I hate crossovers, they do a little bit of everything, but none of it well. They have a higher center of gravity which ruins handling, a higher coefficient of drag and more weight which ruins fuel mileage and acceleration. They're really ugly (in my opinion). They're more expensive to buy and more expensive to insure. Cars are just better.

The only crossover I'd ever consider is the Subaru forester because of the excellent symmetrical AWD and low center of gravity boxer engine, good ground clearance, and good cargo space. It still compromises the ride/handling but if you lived in a climate that requires AWD, it's the one I'd have. Every other awd crossover uses a fwd based engine that can only send some of the power to the rear wheels and only after it senses slipping. The Forester (or any Subaru) can send all of it's power to any one wheel and it's full time. 

That's why I voted for the hatchback.


----------



## jblackburn (Apr 14, 2012)

I voted hatchback as well. I love crossovers, but not these tiny little ones based on small sedans. I feel like they just aren't a great use of space in such small form.


----------



## spacedout (Dec 7, 2010)

Wait for the Cruze hatchback. The Trax shares the same small cabin as my sonic hatchback, only have good cargo space if the rear seats are down. with them up there is only enough room for a few grocery bags behind the seat. 


Now if you never plan to use the rear seats, on my sonic they unbolt easily, with the rear seat and upper trunk floor(there is two) out of the car you gain another 6-8inches of depth over the entire rear hatch and rear seat area.

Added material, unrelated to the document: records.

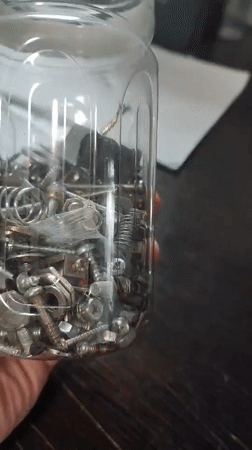 Jar of mixed metal hardware held up for a look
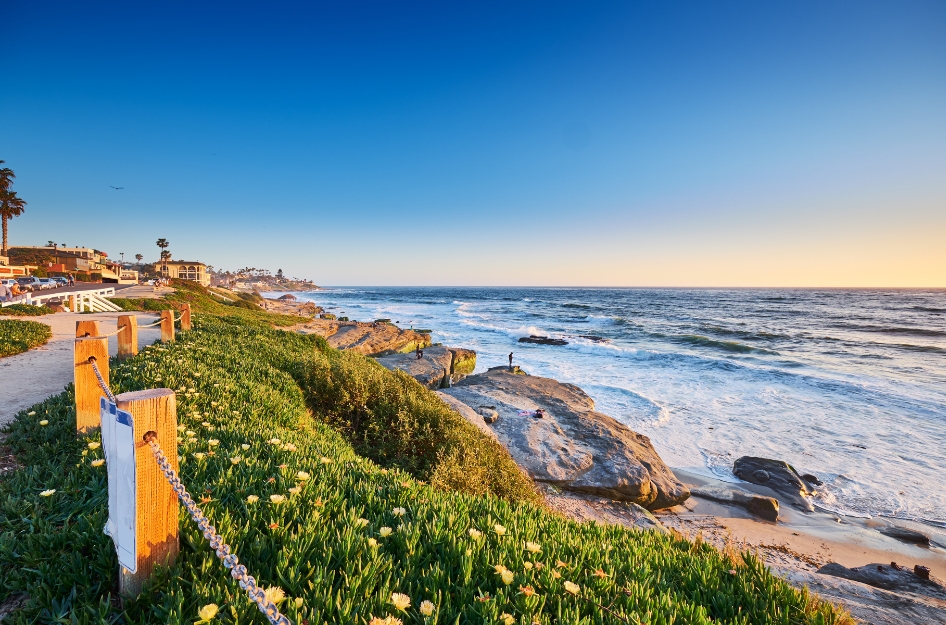 A sandy, fence-lined pathway with bright green grass leading down to a rocky shoreline, where waves crash against the beach in San Diego, California, one of the top states with the best weather.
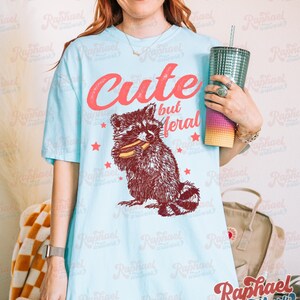 May include: Light blue t-shirt with the text "Cute but Meral" in red script above a raccoon graphic. The raccoon is brown and white, holding a snack. Red stars are scattered around the graphic. The shirt is a casual, unisex style.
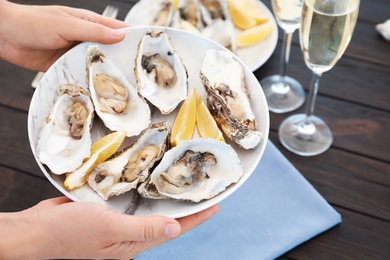 Photo of Woman with plate of fresh oysters over table, focus on hands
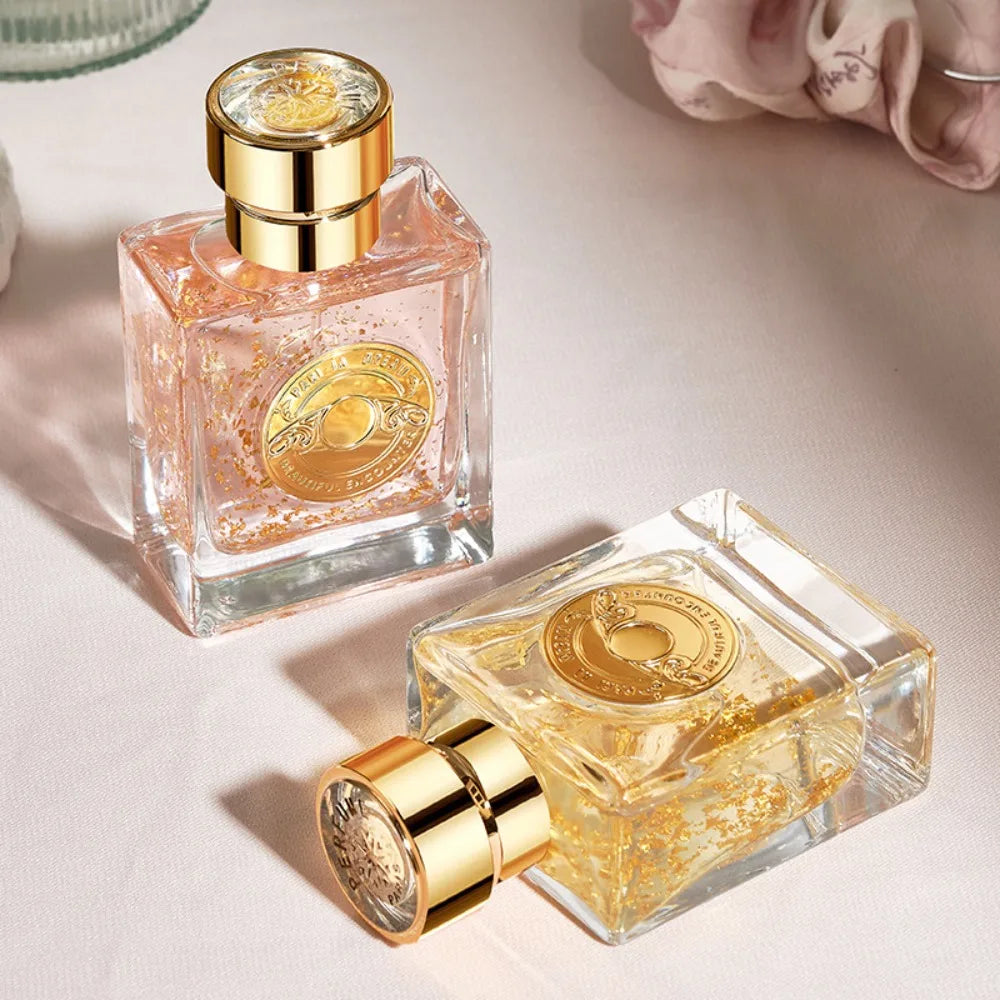 Parfum léger Couleur 01, flacon carré rosé et bouchon doré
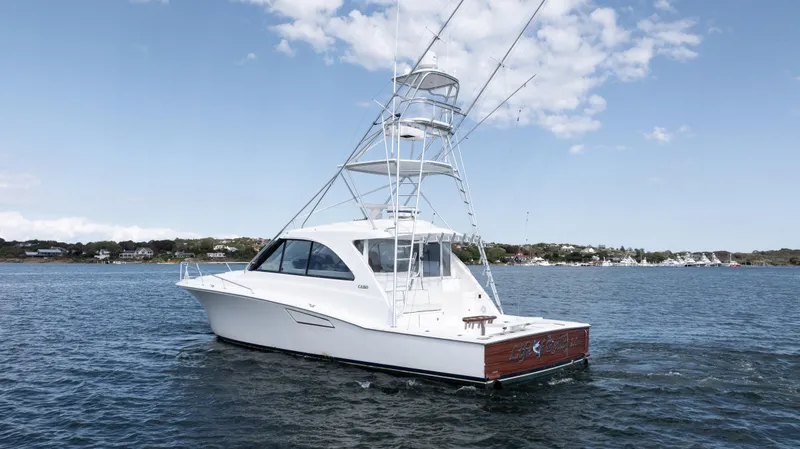 Slide: The Image of 2012 Cabo 44 HTX yacht on calm water under a clear sky. - 3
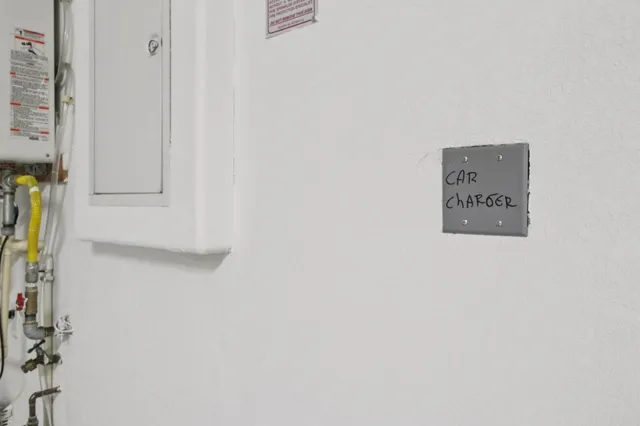 an aerial view of a house with a swimming pool a yard and lake view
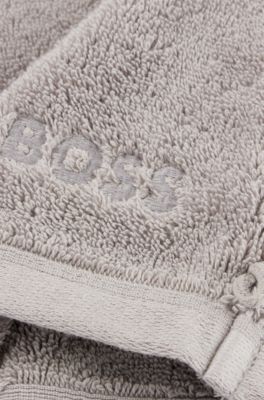 Zilverkleurig washandje van Ege&iuml;sche katoen met ton-sur-ton logo, Zilver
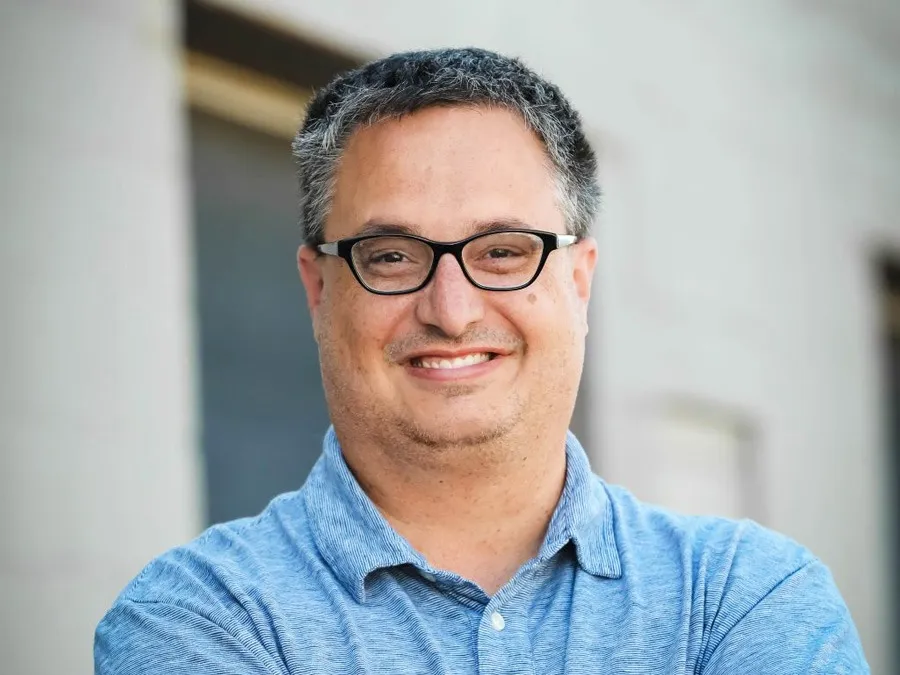 A man with dark, graying hair and black-rimmed glasses smiles at the camera.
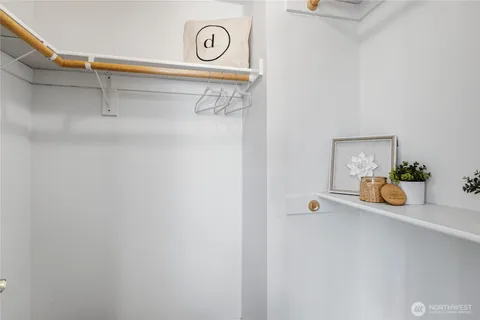 a bathroom with a granite countertop sink a toilet and a mirror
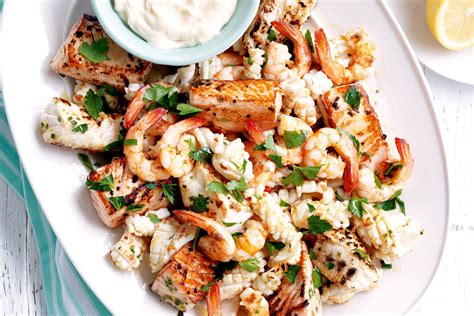How good is an when we talk australian christmas feasting, does it get any more 'strayan than a table heaving with seafood? Seafood platter with aioli | Recipe | Seafood dinner recipes, Seafood platter, Seafood recipes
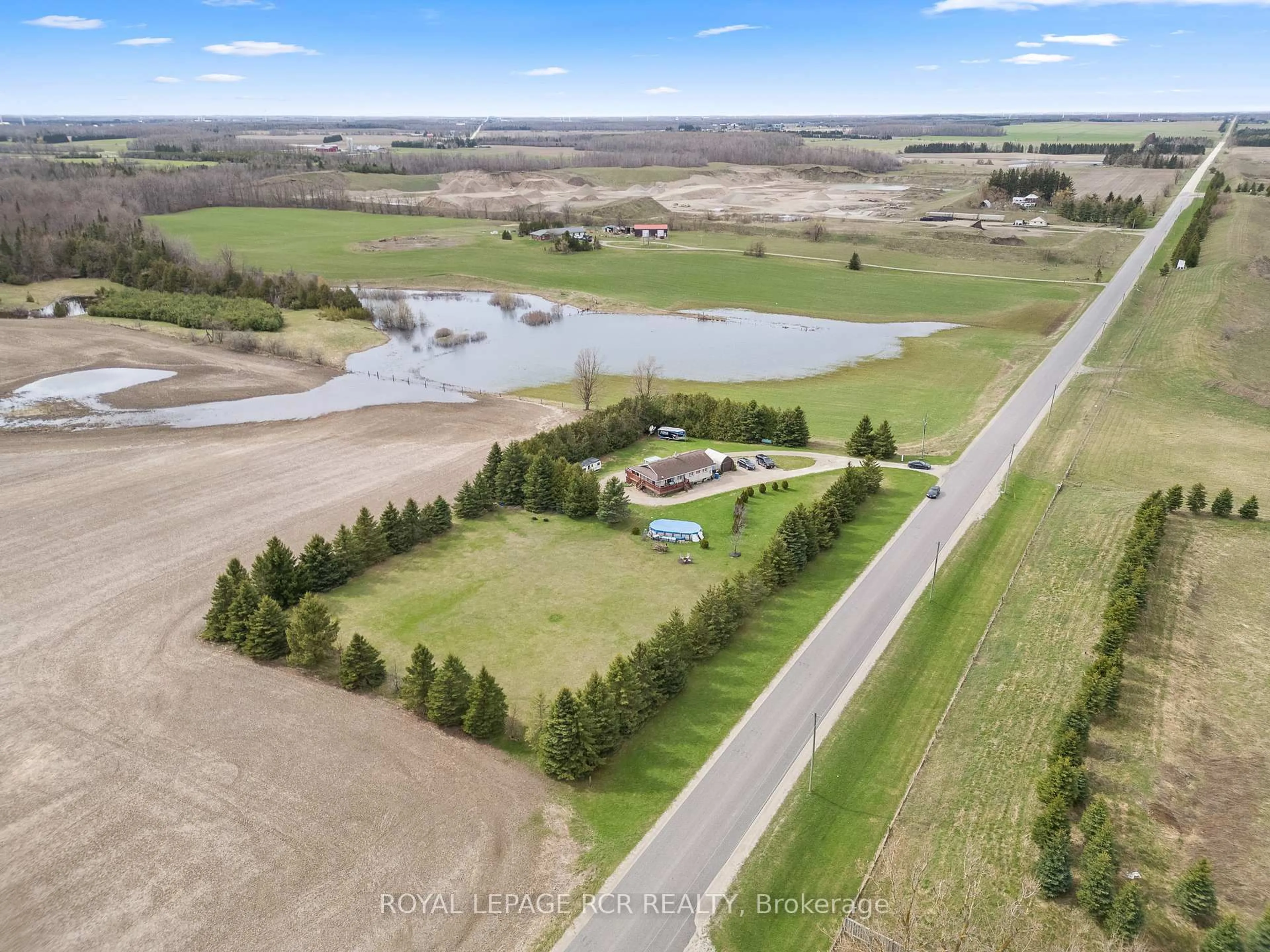 A pic from outside/outdoor area/front of a property/back of a property/a pic from drone, water/lake/river/ocean view for 437090 4th Line, Melancthon Ontario L9V 1S7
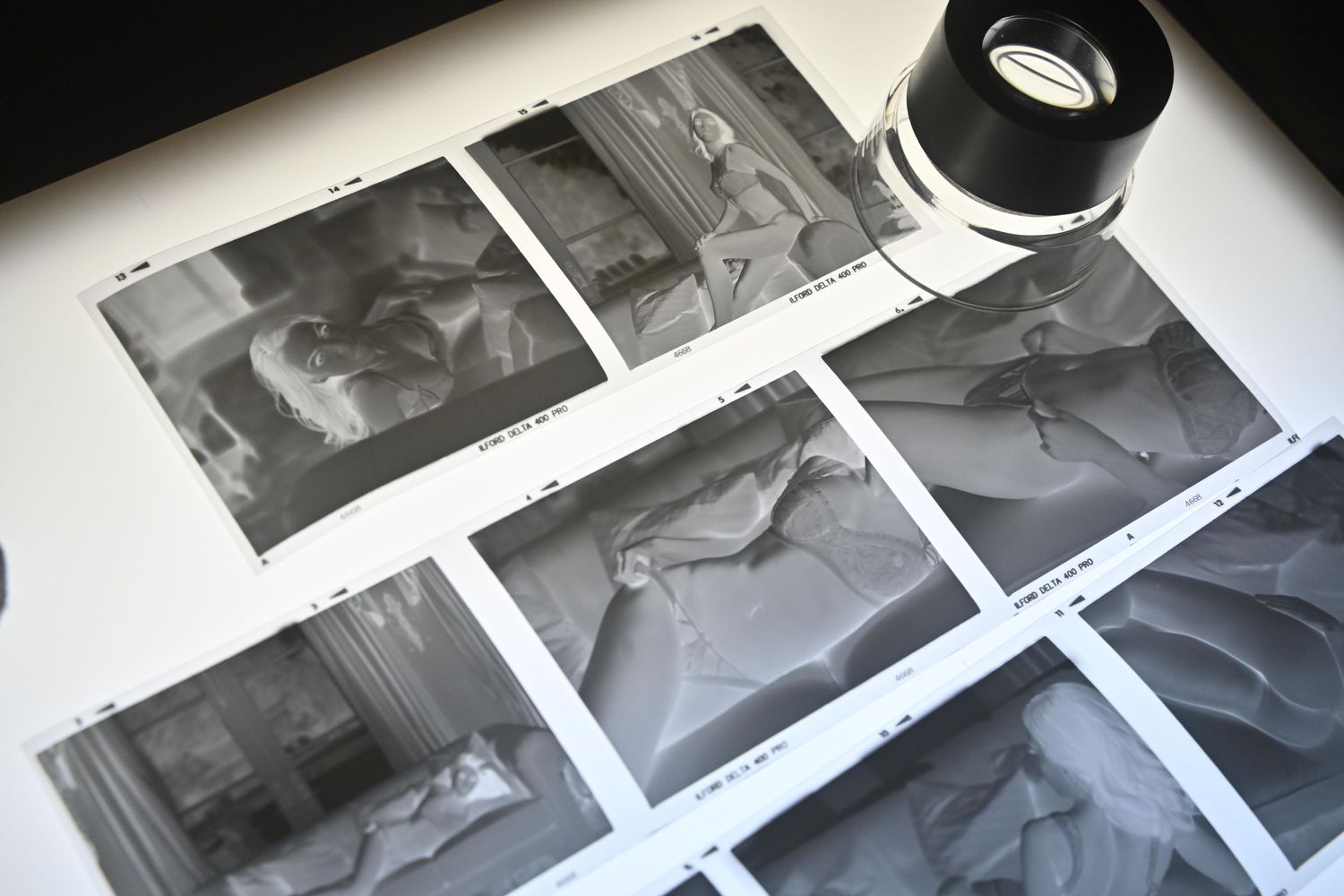 Black and white film negatives laid out on a white surface with a camera lens visible in the corner.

A small carpet patch covers the rear seat area nicely.


----------



## UpstateNYBill (Jan 14, 2012)

Wow, great answers, guys. You do not disappoint!

Rob, you get the honorable mention for the detailed write-up on the Trax. 



spacedout said:


> Wait for the Cruze hatchback. The Trax shares the same small cabin as my sonic hatchback, only have good cargo space if the rear seats are down. with them up there is only enough room for a few grocery bags behind the seat.
> 
> Now if you never plan to use the rear seats, on my sonic they unbolt easily, with the rear seat and upper trunk floor(there is two) out of the car you gain another 6-8inches of depth over the entire rear hatch and rear seat area. A small carpet patch covers the rear seat area nicely.


This is the killer comment, and it hadn't occurred to me to remove the rear seats. Yes, the rear seats would remain down at all times, whether it is the Trax or the Cruze hatch. No reason why I couldn't remove the rear seats in the hatch as well!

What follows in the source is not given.